Pedro Soares repõe a arte do retrato numa ortodoxia vinda das origens da técnica fotográfica. Concentra a atenção no indivíduo; fixa-lhe o olhar e, neste, procura mostrar o instante em que o retratado parece aperceber-se do seu futuro, imediato ou protelado, de qualquer modo transcendendo as circunstâncias, quaisquer que elas sejam.

O fotógrafo dedica-se, pois, a uma arte inoficiável, por teimar em revelar os homens na sua humanidade.

Se um retrato fala de retratado, fala também do retratista. Portanto, em cada imagem, há um confronto implícito entre duas pessoas. Em cada flagrante fixado pelo Pedro, adivinho o retratista numa atitude de quem poderia dizer: «Estou aqui para mostrar, a ti próprio e a toda gente, a liberdade que te define». E o retratado sorri.

 

Rui-Mário Gonçalves, 2008

 

 

 

 

CATÁLOGO

 

1. Eléctrico 28, 1998 - impressão fotográfica s/ papel, 90 x 60 cm

2. S. Vicente de Fora - pormenor da fachada, 1998 - impressão fotográfica s/ papel, 45 x 33 cm

3. Pátio do Carrasco, 1998 - impressão fotográfica s/ papel, 45 x 33 cm

4. Traseiras do Teatro S. Luis, 1998 - impressão fotográfica s/ papel, 45x 33 cm

5. Igreja dos Paulistas — Galilé, 1998 - impressão fotográfica s/ papel, 45 x 33 cm

6. Basílica da Estrela — entrada, 1998 - impressão fotográfica s/ papel, 98 x 65,5 cm

7. Le Rouge Gorge - Paris, 1998 - impressão fotográfica s/ papel, 45 x 30 cm

8. Beco do Colégio dos Nobres, 1999 - impressão fotográfica s/ papel, 75 x 50 cm

9. Rua da Escola Politécnica, 1999 - impressão fotográfica s/ papel, 75 x 50 cm

10. Traseiras do Palácio Seia, 1999 - impressão fotográfica s/ papel, 75 x 50 cm

11. Prédio na Praça da Alegria (de F.J. de Campos), 1999 - impressão fotográfico s/ papel, 75 x 50 cm

12. Rua de S. Marçal, 1999 - impressão fotográfica s/ papel, 75 x 50 cm

13. Seres em regime semi-aberto I, 2001 - impressão fotográfico s/ papel, 40 x 30 cm

14. Seres em regime semi-aberta II, 2001 - impressão fotográfico s/ papel, 40 x 30 cm

15. Seres em regime semi-aberto III, 2001 - impressão fotográfico s/ papel, 40 x 30 cm

16. Seres em regime semi-aberto IV, 2001 - impressão fotográfico s/ papel, 40 x 30cm

17. Seres em regime semi-aberto V, 2001 - impressão fotográfica s/ papel, 40 x 30 cm

18. Seres em regime semi-aberto VI, 2001 - impressão fotográfica s/ papel, 40 x 30 cm

19. Seres em regime semi-aberto VII, 2001 - impressão fotográfica s/ papel, 40 x 30 cm

20. Seres em regime semi-aberto VIII, 2001 - impressão fotográfica s/ papel, 40 x 30 cm

21. Seres em regime semi-aberto IX, 2001 - impressão fotográfica s/ papel, 40 x 30 cm

22. Seres em regime semi-aberto X, 2001 - impressão fotográfico s/ papel, 40 x 30 cm

23. Le 14 Juillet — Paris, 2002 - impressão fotográfico s/ papel, 45 x 30 cm

 

Camara Municipal de Tomar agradece ao Museu da Carris e aos Livros Horizonte a colaboração amavelmente prestada.

 

 

 

O artista e a obra

Pedro Soares nasceu em Janeiro de 1948, em Lisboa.
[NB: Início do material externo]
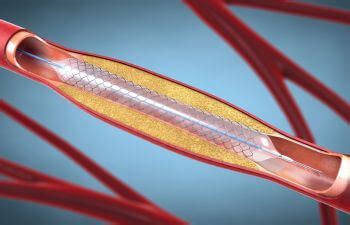 What Conditions Can Vascular Stenting Treat? | New York, NY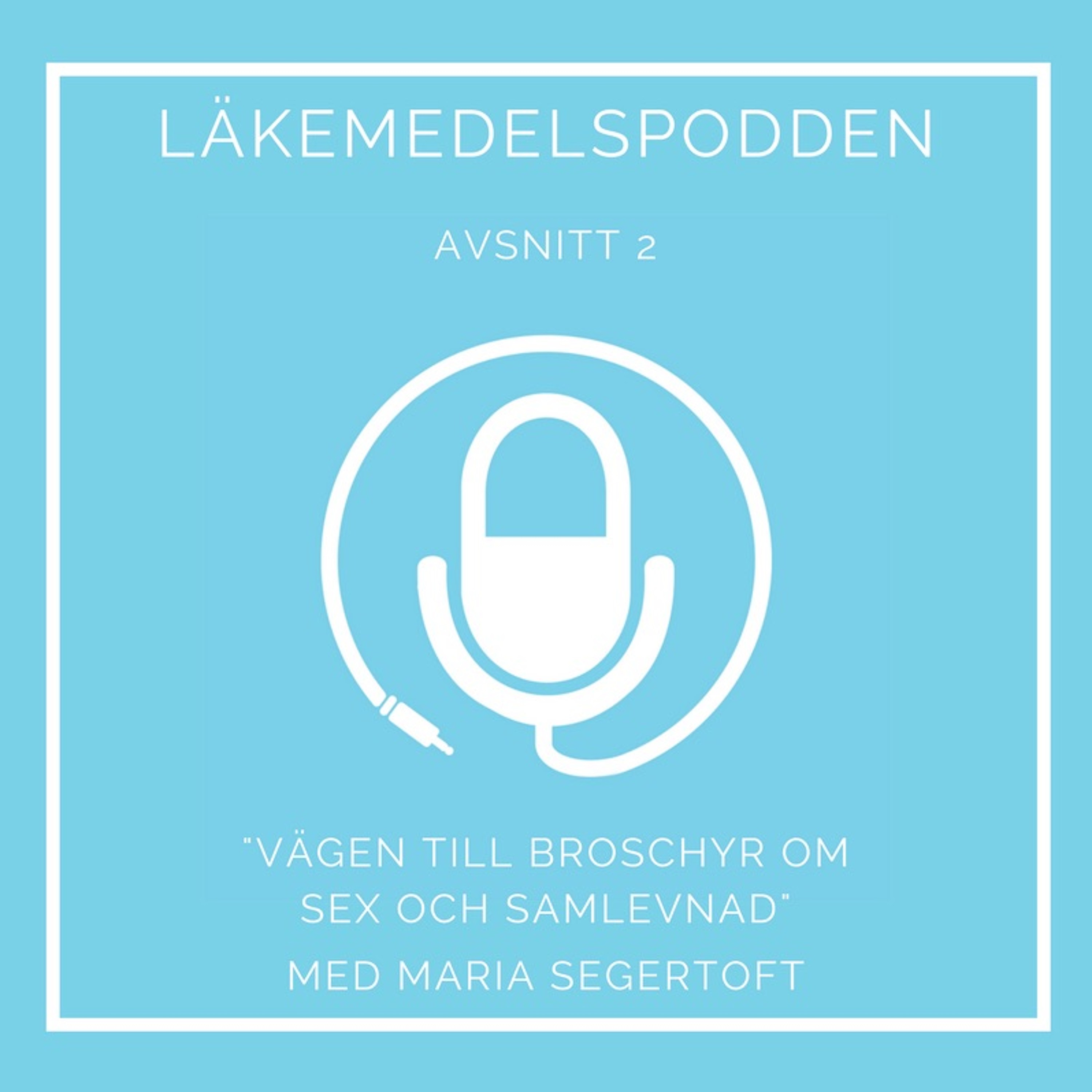 Läkemedelspodden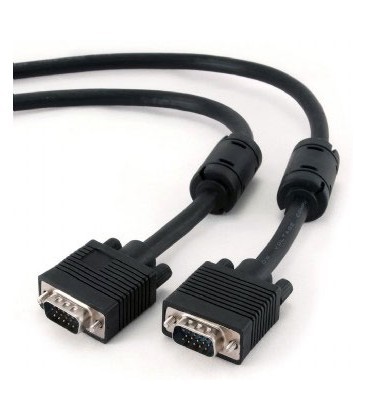 Cable VGA M-M 5m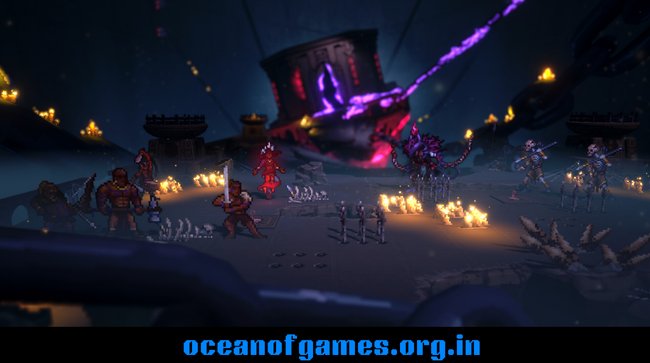 Wardrum Download PC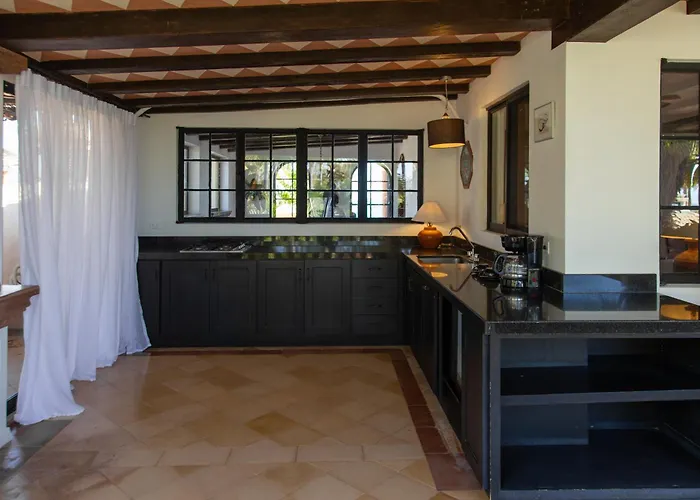 Couette-café La Valise Cabos, Member Of Small Luxury 5*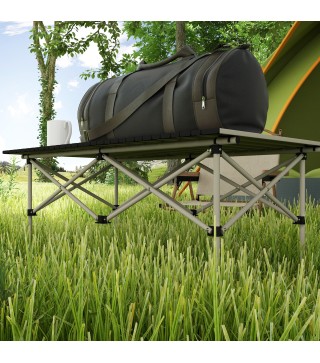 Mesa de Camping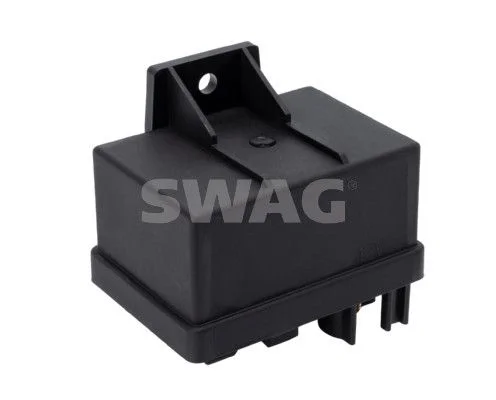Relay, glow plug system SWAG 70 94 4177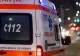 Doi adolescenți au murit după ce motocicleta lor a fost lovită de un tren în Tușnad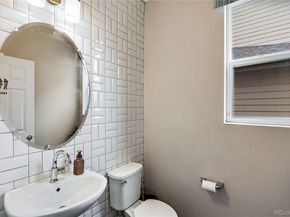 15963 E Warner Drive, Denver CO 80239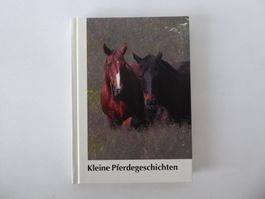 Kleine Pferdegeschichten, Band 53, neuw.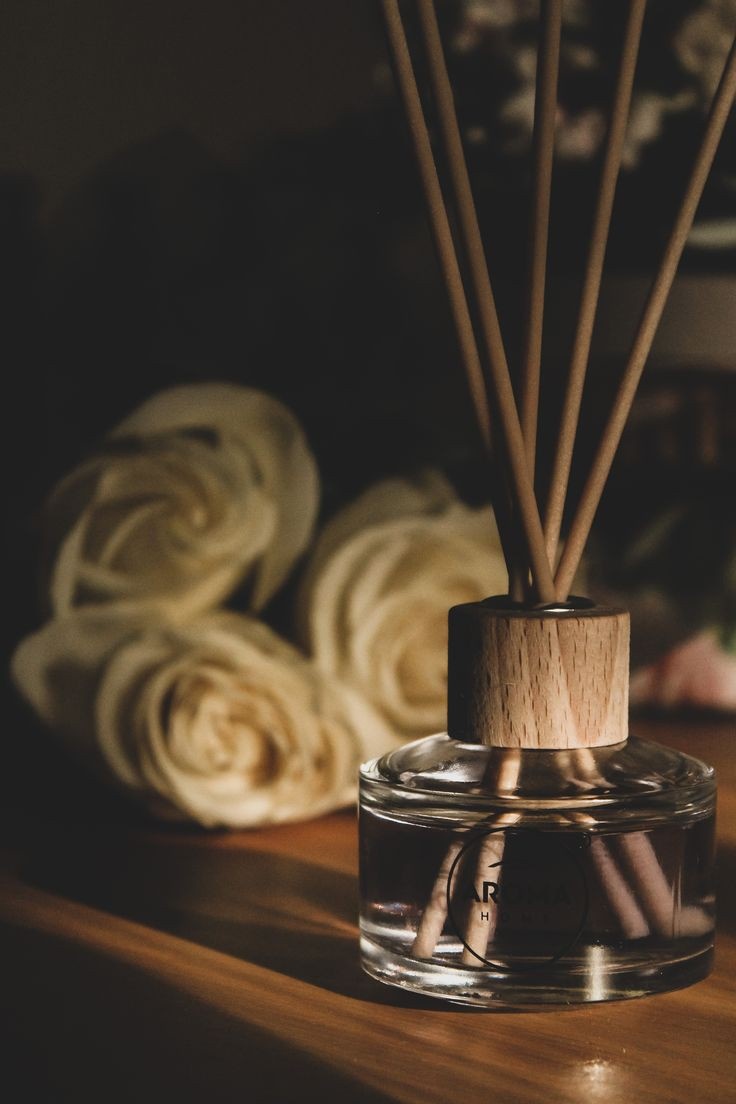 Идея взята с Pinterest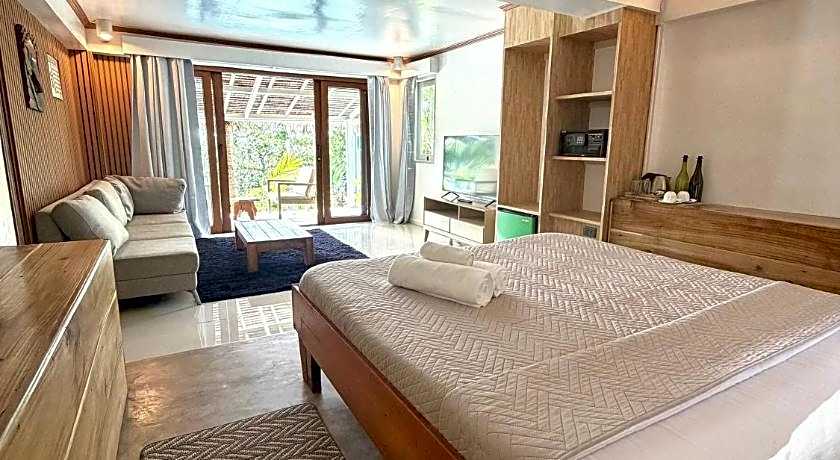 Maya Siargao Villa and Golf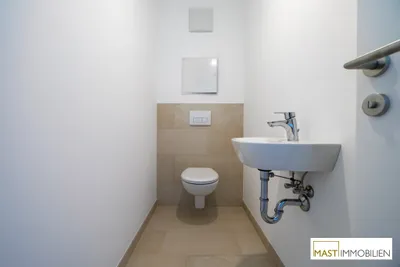 2-Zimmer-Wohnung mieten in Korneuburg – 44,33 m², € 880 – Bild 10 von 15
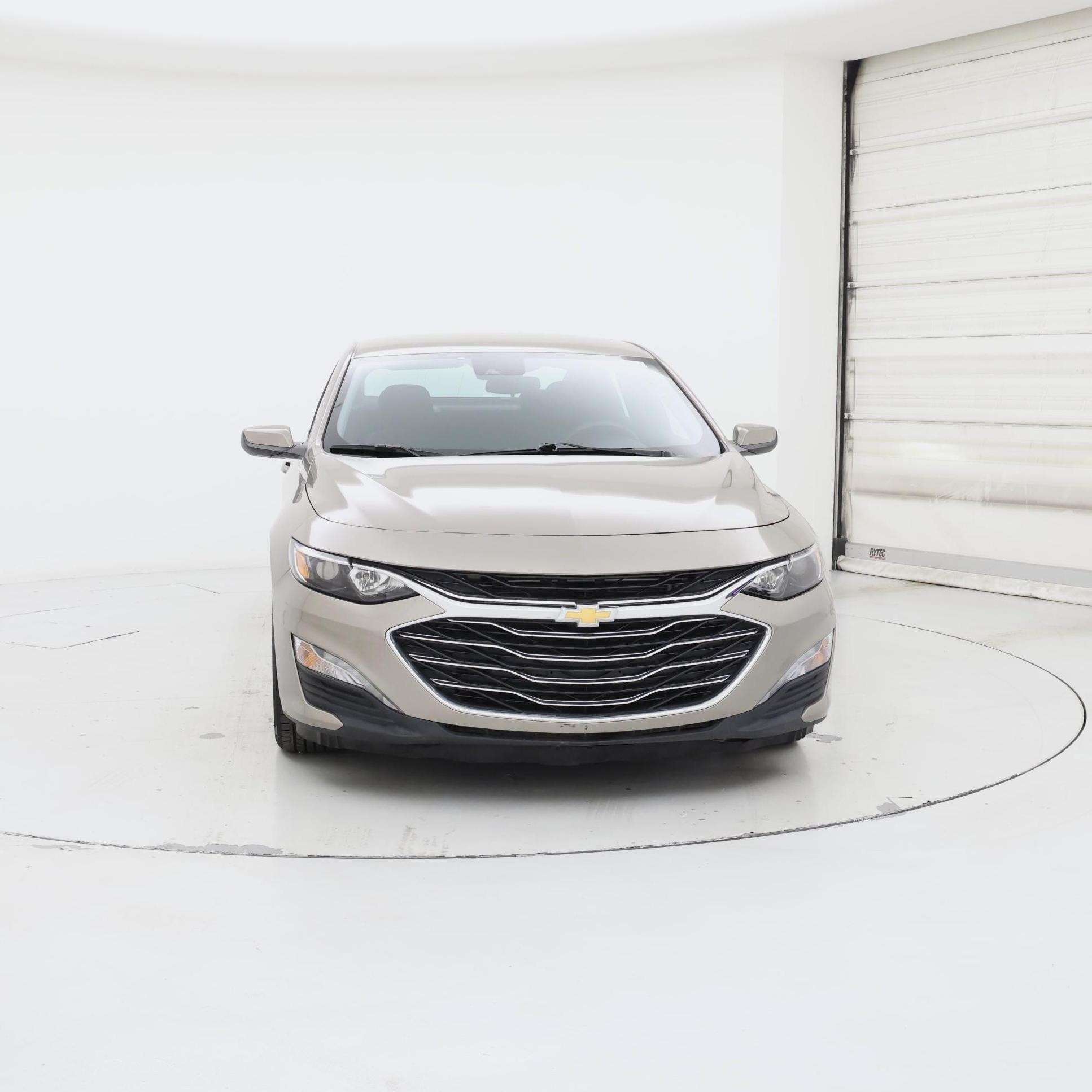 Thumbnail: 2025 Chevrolet Malibu - 5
E é ele que se biografa:

“1958/1966 – Estudos Secundários em Almada e em Setúbal. Frequentes mudanças de ambiente familiar e escolar. Primeiras refilices anti-autoritárias. Paixões assolapadas. 1967 – Instituto Comercial de Lisboa; experiência fracassada. Vida boémia. Mar, tabaco, Herbet Marcuse. 1968 – Continuação da vida boémia. Teatro, Zeca Afonso, medo da PIDE, Rádio Moscovo. Namoricos. 1969 – Noitadas. Convívio com operários, intelectuais e outros párias. Vida militar, guia de marcha para Bissau. Chegada a Paris! 1970/1974 – Valsa musette, língua francesa. Estudos de economia, vida de ardina, etc. e tal. Crises de identidade. Viagem a Roma. Amizades e muitas paixões. 1974 – MFA: Regresso ao quartel. Nascimento de uma esperança, uma mulher portuguesa. Paixão violenta. A grande aventura da revolução social. Poesia inexcedível. Outros saberes de experiência feitos. 1980 – Berlim. Amor: uma flor e um fruto. Mais passeios, com tempo frio em latitude elevada. Começam as fotografias. Contra-Revolução. Desemprego. É tempo de trabalhar. Imagens, Imagens, Imagens…”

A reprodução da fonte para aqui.